## Exercise details
Copy exactly the lines of the records below, and only those lines, beginning with the line that contains "WOLF RACING 4T 5W-50 ESTER, 1л" and ending with the line that contains "Футболка оверсайз Deadline, черная".

## Brief descriptive captions

-=-=-

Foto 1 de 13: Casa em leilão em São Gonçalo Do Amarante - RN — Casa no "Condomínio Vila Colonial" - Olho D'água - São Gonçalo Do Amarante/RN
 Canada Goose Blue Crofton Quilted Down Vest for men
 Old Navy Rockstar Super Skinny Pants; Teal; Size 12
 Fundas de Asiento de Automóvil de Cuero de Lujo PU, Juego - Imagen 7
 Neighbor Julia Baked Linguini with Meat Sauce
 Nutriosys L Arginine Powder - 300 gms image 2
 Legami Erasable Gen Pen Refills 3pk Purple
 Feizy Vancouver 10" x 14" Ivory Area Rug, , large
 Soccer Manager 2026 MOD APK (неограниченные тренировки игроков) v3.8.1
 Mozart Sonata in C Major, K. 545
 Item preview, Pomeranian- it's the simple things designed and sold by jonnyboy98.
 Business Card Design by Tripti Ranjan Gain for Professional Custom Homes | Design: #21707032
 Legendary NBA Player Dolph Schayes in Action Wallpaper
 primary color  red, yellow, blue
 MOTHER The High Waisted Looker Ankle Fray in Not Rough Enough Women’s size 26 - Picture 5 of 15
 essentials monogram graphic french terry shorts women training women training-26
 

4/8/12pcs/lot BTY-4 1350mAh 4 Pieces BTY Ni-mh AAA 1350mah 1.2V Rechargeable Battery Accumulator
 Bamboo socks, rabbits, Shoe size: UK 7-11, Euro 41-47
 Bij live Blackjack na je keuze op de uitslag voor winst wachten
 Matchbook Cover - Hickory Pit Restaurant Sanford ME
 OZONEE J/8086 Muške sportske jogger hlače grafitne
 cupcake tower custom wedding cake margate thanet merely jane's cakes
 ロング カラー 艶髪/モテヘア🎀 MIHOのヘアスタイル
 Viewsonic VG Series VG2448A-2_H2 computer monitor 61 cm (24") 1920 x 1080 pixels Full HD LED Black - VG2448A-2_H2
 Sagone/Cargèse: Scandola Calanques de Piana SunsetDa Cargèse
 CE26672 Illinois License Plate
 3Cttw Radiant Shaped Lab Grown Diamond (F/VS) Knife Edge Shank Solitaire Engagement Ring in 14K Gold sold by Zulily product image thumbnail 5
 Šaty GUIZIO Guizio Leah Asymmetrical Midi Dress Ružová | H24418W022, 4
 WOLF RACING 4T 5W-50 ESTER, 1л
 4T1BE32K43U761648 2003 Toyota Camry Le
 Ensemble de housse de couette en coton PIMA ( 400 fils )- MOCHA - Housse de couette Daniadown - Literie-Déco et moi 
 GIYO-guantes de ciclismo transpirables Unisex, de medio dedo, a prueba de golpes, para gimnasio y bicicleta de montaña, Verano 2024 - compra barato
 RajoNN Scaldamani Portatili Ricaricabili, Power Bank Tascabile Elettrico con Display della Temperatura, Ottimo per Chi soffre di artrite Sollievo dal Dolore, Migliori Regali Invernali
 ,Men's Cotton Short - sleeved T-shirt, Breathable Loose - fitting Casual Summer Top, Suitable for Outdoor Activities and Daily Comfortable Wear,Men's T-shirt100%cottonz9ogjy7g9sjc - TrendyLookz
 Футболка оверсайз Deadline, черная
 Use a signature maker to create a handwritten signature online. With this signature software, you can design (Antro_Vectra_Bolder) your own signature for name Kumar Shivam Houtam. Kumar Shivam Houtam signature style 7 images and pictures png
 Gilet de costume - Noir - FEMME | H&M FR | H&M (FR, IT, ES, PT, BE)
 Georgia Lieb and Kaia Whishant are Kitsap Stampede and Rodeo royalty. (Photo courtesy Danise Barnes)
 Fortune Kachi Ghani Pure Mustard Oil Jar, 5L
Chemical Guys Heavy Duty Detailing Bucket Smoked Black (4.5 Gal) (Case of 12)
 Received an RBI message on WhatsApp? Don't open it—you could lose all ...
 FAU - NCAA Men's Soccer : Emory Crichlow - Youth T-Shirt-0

-=-=-

## Task solution
 WOLF RACING 4T 5W-50 ESTER, 1л
 4T1BE32K43U761648 2003 Toyota Camry Le
 Ensemble de housse de couette en coton PIMA ( 400 fils )- MOCHA - Housse de couette Daniadown - Literie-Déco et moi 
 GIYO-guantes de ciclismo transpirables Unisex, de medio dedo, a prueba de golpes, para gimnasio y bicicleta de montaña, Verano 2024 - compra barato
 RajoNN Scaldamani Portatili Ricaricabili, Power Bank Tascabile Elettrico con Display della Temperatura, Ottimo per Chi soffre di artrite Sollievo dal Dolore, Migliori Regali Invernali
 ,Men's Cotton Short - sleeved T-shirt, Breathable Loose - fitting Casual Summer Top, Suitable for Outdoor Activities and Daily Comfortable Wear,Men's T-shirt100%cottonz9ogjy7g9sjc - TrendyLookz
 Футболка оверсайз Deadline, черная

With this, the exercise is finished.